There is a risk that this drive toward indigeneity will simply reproduce the dynamic that Cook-Lynn identifies as having “stolen” Native studies away from the Native nations to whom it was imagined at one time to be answerable. These recruitments, including the more ambitious cluster hires, are unlikely to lead to the creation of departments of Indigenous studies or degrees in the field where they do not already exist because of resource scarcity and the present shape of higher education. Yet perhaps the relationship between political movement, cultural resurgence, and theory can help bridge the gap between founding optimism and present alienation.
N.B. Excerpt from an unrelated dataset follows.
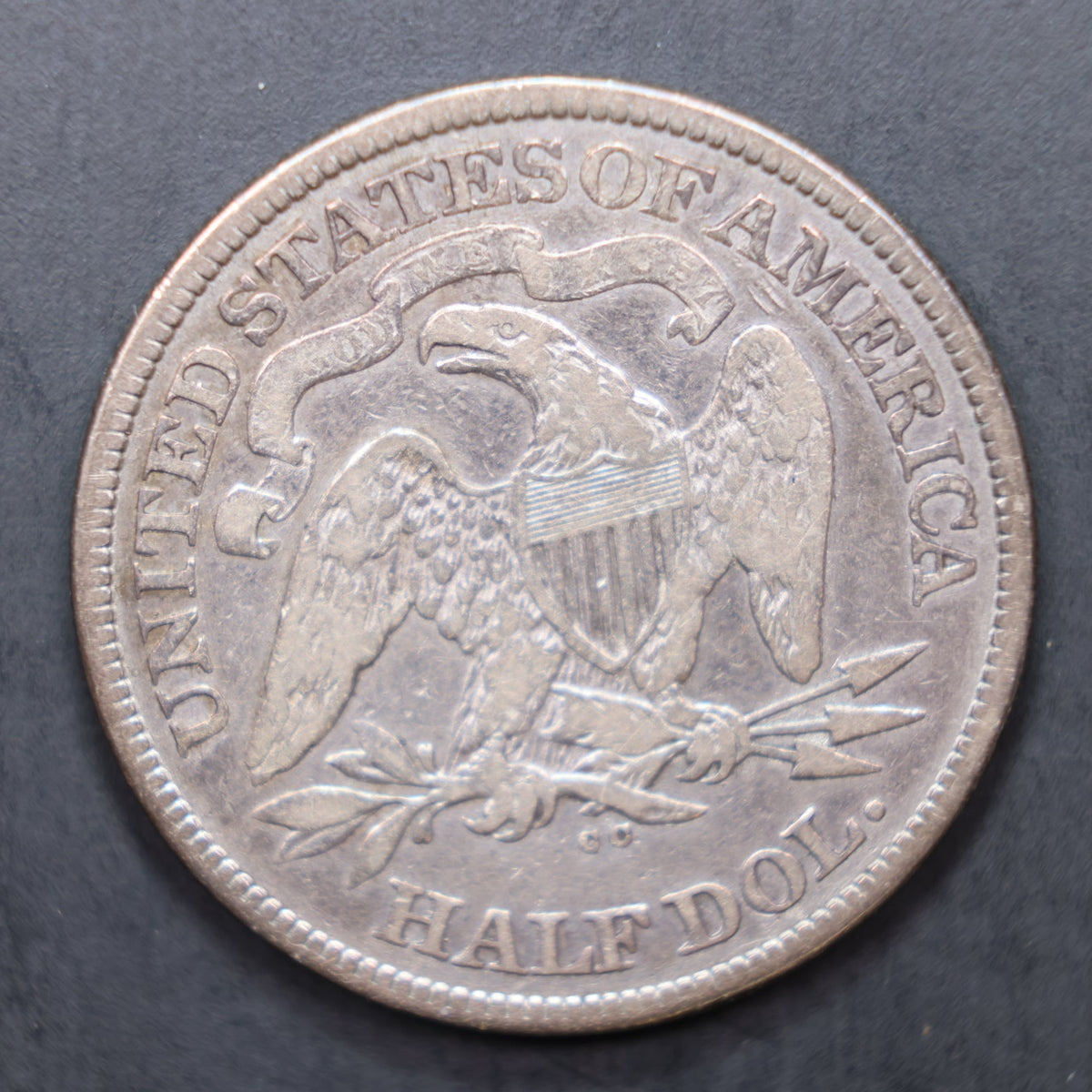 1874-CC Seated Liberty Silver Half Dollar, Very Fine Circulated Coin, Store #HR2082.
Hall notes that what makes Marxism as modified by Antonio Gramsci useful and distinguishes it as an analytic is that the commitment to socialist transformation means it is a “living theory, an open-ended project of critical thought, without guarantees,” in contrast to “the many other academically closed discourses that presently struggle to hegemonize the intellectual world” (56). This resonates strongly with Andersen and O’Brien’s description of Indigenous studies as an interdisciplinary pursuit and might serve as a productive model for a relational Indigenous critical theory whose transformative goals are not altogether different. Perhaps, then, it is Hall’s essay in Marxism and the Interpretation of Culture and not Spivak’s that ultimately offers the most generative contribution to Indigenous studies; in its grounding in Indigenous communities and its refusal of theoretical closure, Indigenous studies sustains and is defined by material commitments that can only be realized with a capacious methodological approach.